## Your goal
Each entry below should be restated word for word, without any picture it contains.

## Material shown
= Beginning of Section =

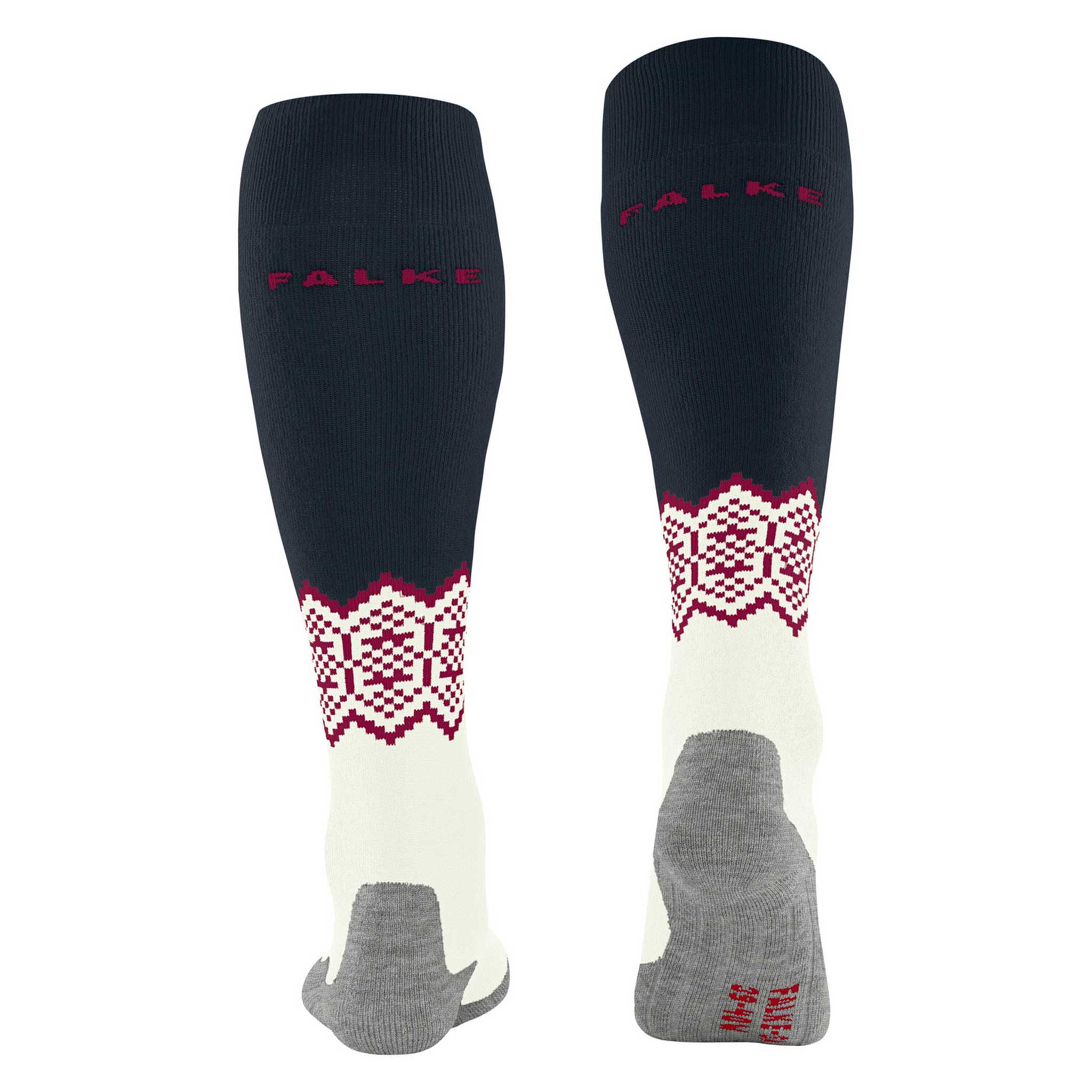 SK2 Women’s Ski Socks in Offwhite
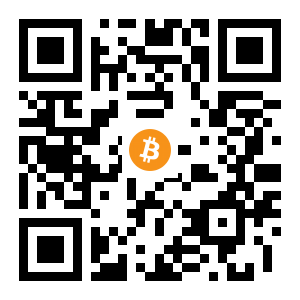 bitcoin:13LZZmUtCa9BML4RVeZAwD1tXMxR59m49t black Bitcoin QR code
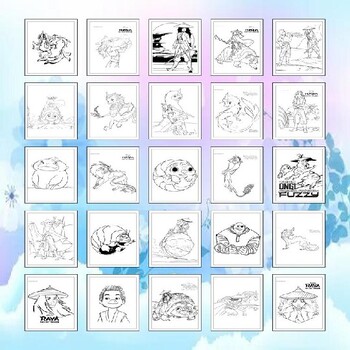 Disney Magic Moments - Colouring and Activity Sheets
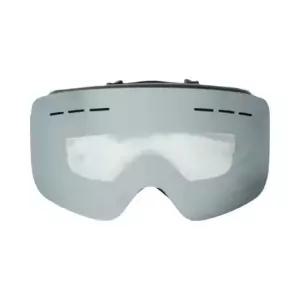 스노우보드고글 반미러 스키 고글 실버 DK83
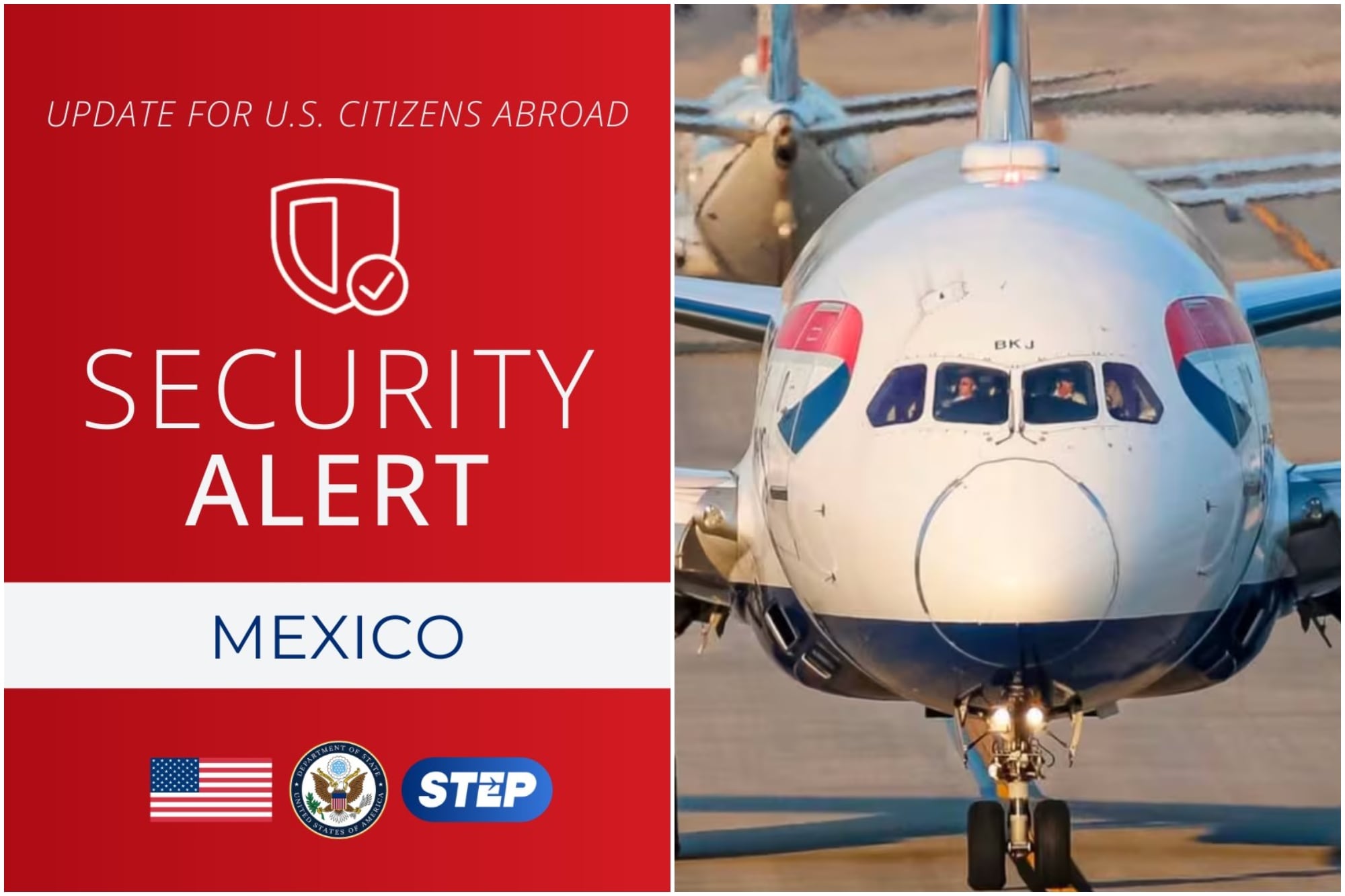 Estados Unidos emite el nivel más alto de alerta y pide no viajar a una localidad de Mexico: “Evitar el área”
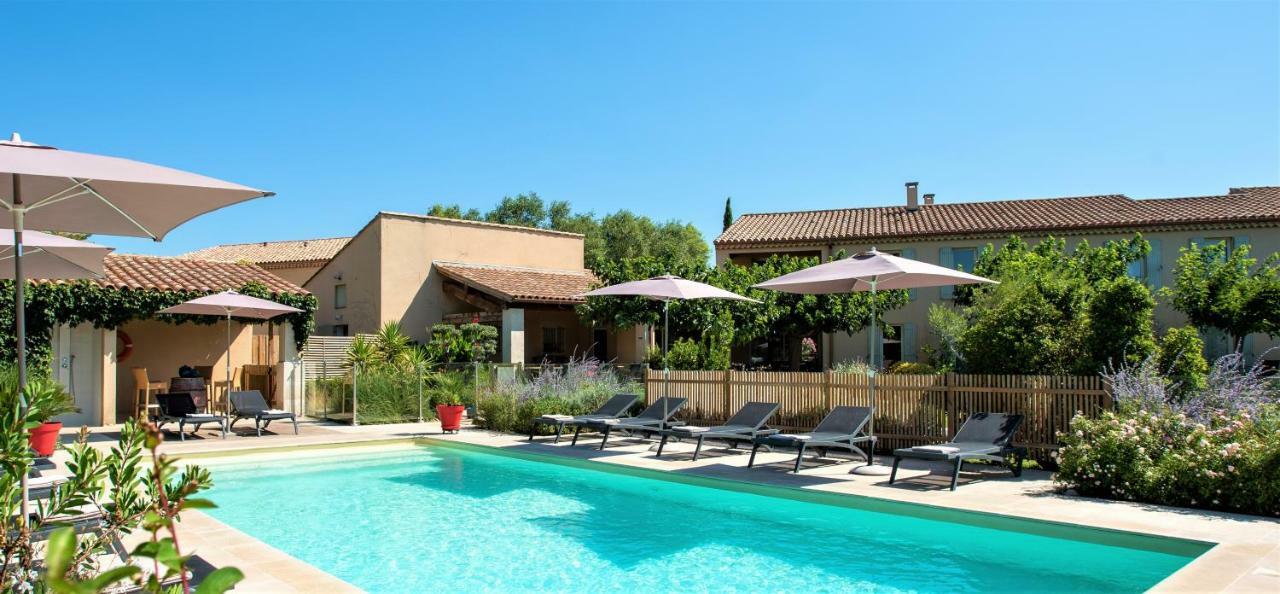 Best Western Hotel Aurelia Maussane les Alpilles Dış mekan fotoğraf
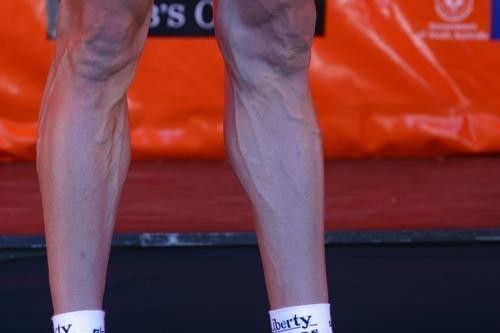 Luis Leon Sanchez Gil (Liberty Seguros) and his legs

= End of Section =

## Answer to the problem
 SK2 Women’s Ski Socks in Offwhite
 bitcoin:13LZZmUtCa9BML4RVeZAwD1tXMxR59m49t black Bitcoin QR code
 Disney Magic Moments - Colouring and Activity Sheets
 스노우보드고글 반미러 스키 고글 실버 DK83
 Estados Unidos emite el nivel más alto de alerta y pide no viajar a una localidad de Mexico: “Evitar el área”
 Best Western Hotel Aurelia Maussane les Alpilles Dış mekan fotoğraf
 Luis Leon Sanchez Gil (Liberty Seguros) and his legs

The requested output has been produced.